He explains that the Higgs boson is a particular excitation mode of the Higgs field, but what is then the (general) 'ziggs' boson? Are Higgs and ziggs actually the same?
If there was only a massive $Z$ boson, and nothing else, then this 'ziggs' mechanism would be sufficient and the slightly more complicated 'Higgs' mechanism would not be required. I would look at the 'ziggs' as what the 'Higgs' would look like in this scenario.
The Z boson has been known experimentally for decades, what about its weakly hypercharged product? Does the Higgs boson actually have nothing to do with the Higgs phenomenon, being merely a consequence of the theory that was begging to be discovered experimentally?
I presume by 'hypercharged product' you mean the charged $W^+$ and $W^-$ bosons. These are not products of the $Z$ boson, instead they are all a part of the same family of particles. Well its actually a bit more complicated than that... let's start from the top. The Higgs mechanism 'starts' with four massless bosons ($B^0$,$W^0$,$W^1$,$W^2$), which after some interacting with the Higgs field, will produce three massive bosons ($Z$,$W^+$,$W^-$) and one massless boson (which is the photon, $\gamma$).
As there are four original bosons, without going into the heavier details, this means that the Higgs-field should be constructed from four components (or degrees of freedom). After interaction with the four components of the field, the four original bosons acquire a mass. However - as mentioned earlier - the photon is massless. In order to add this condition into our theory, we mix two of the original four bosons (the $B^0$ and $W^0$, which have no electric charge) to produce the the observed $Z$ and $\gamma$ bosons in such an exact way as to leave the photon massless. The repercussion of this is that we are left with one free component of our Higgs-field, remaining from our original four-component Higgs-field. This spare component, analogously to the 'ziggs' mechanism, manifests itself as the Higgs boson.
Yes, an electron is just some wave, as you say, in the electron field, as it is for any particle. You can also interpret in a broad sense that a field needs to be perturbed at a particular point in spacetime for you to have a non-zero odd of measuring it a that point, although this simple picture is complicated by quantum phenomenas.
The energy of a decaying particle not only can but needs to end up somewhere. This is conservation of energy! The mechanism are not unknown, they are the possible interactions (read that as forces) between fields, though they are not all clearly understood in their dynamics.
The idea of billard balls particles colliding is really not the best to have in mind when considering QFT. The electron, which is really a wave/excitation in a field, travelling in spacetime in presence of the Higgs field does not need to ''collide'', in a classical view, with a Higgs particle to interact. Keep in mind that these field excitations are not exactly localized, much as a wave is not. What happens is that the electron field interacts with the Higgs field and as seen form the dynamic of the electron field it corresponds to it having a mass. The closest analogy that comes to mind, which is pretty bad: don't give it too much intellectual weight, is of a bullet going through water that acquires a different dynamic behavior by interacting with the surrounding media, but that's as far as it goes.

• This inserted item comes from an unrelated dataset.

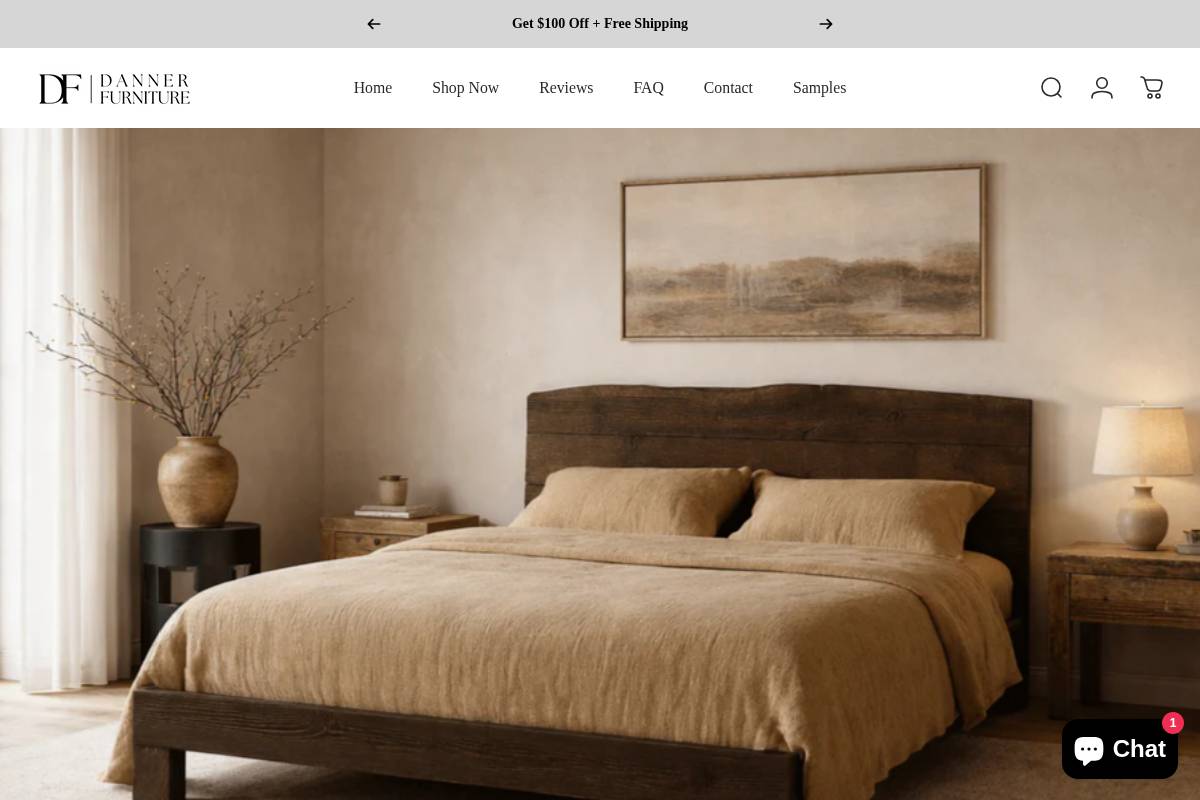 dannerfurniture.com homepage screenshot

Your question about the difference between a Higgs particle and another one, is like asking what is the difference between sound and light. They are not excitations of the same medium.
I am sadly not aware of any good and simple analogies for the Higgs mechanism. The closest thing, which is not simple but quite close conceptually speaking, are electrons in crystal having a different effective mass because of their interaction with the crystal lattice. Without using effective field theories, you can model electron wavefunctions moving in the crystal lattice using standard quantum mechanics. From there, you study their dispersion relation which is in essence the equation relating energy and momentum. The dispersion relation, in some cases, will take the a functional form of a free wave from which you can infer an effective mass. You can interpret that as saying that the interaction with the lattice modifies the mass of the free electron.
Best Answer
The mass of a fundamental particle turns out to be quite an elusive concept, because massless particles act as a source of gravity and they carry momentum. What then is special about mass?

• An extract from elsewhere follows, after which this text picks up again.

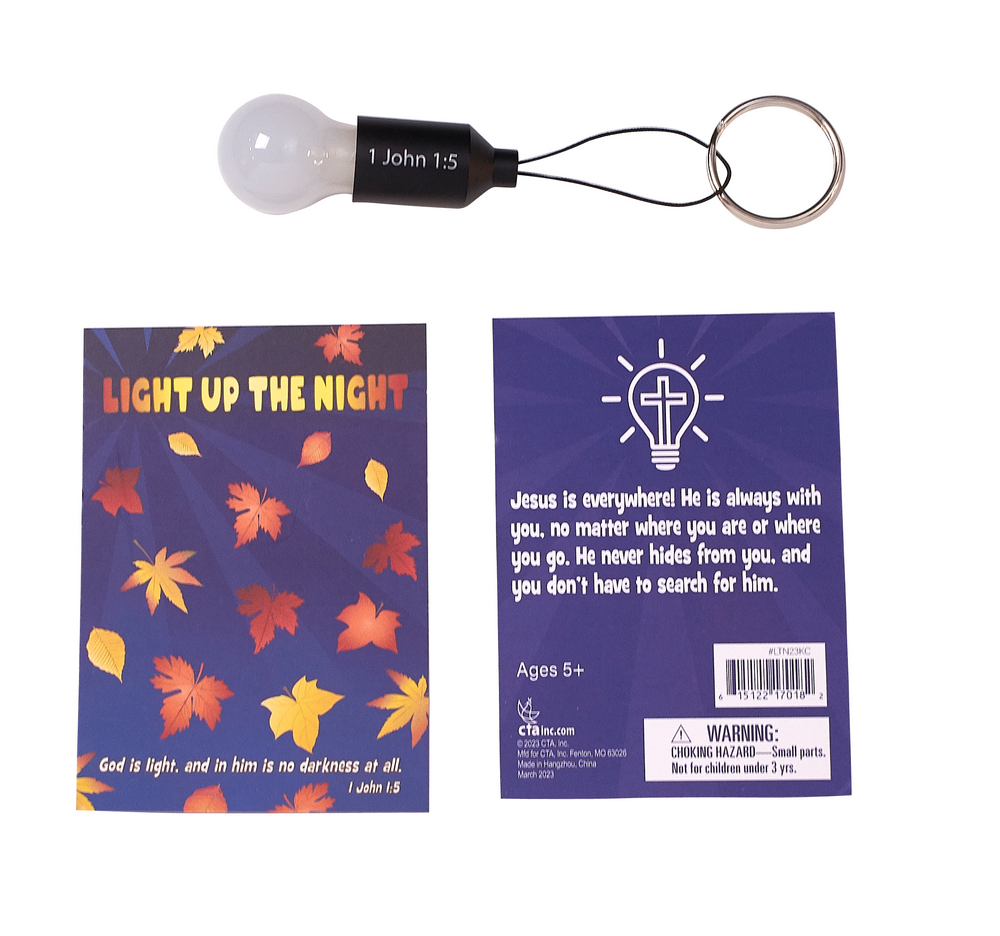 Light Up the Night Light Bulb Key Chain with Bible verse reference for children's ministry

Where mass comes in is in explaining the relationship between the total energy of a particle and its momentum. For any particle we have the expression for the total energy:
$$ E^2 = p^2 c^2 + m^2 c^4 \tag{1} $$
where $m$ is a parameter that we call the rest mass. It's the parameter $m$ that the Higgs mechanism gives us.
I can't see any way that either of the options you mention could usefully describe the value of the parameter $m$ in equation (1). For example, why would the electron, muon and tau have such different rest masses when they are all (as far as we know) point particles with the same charge?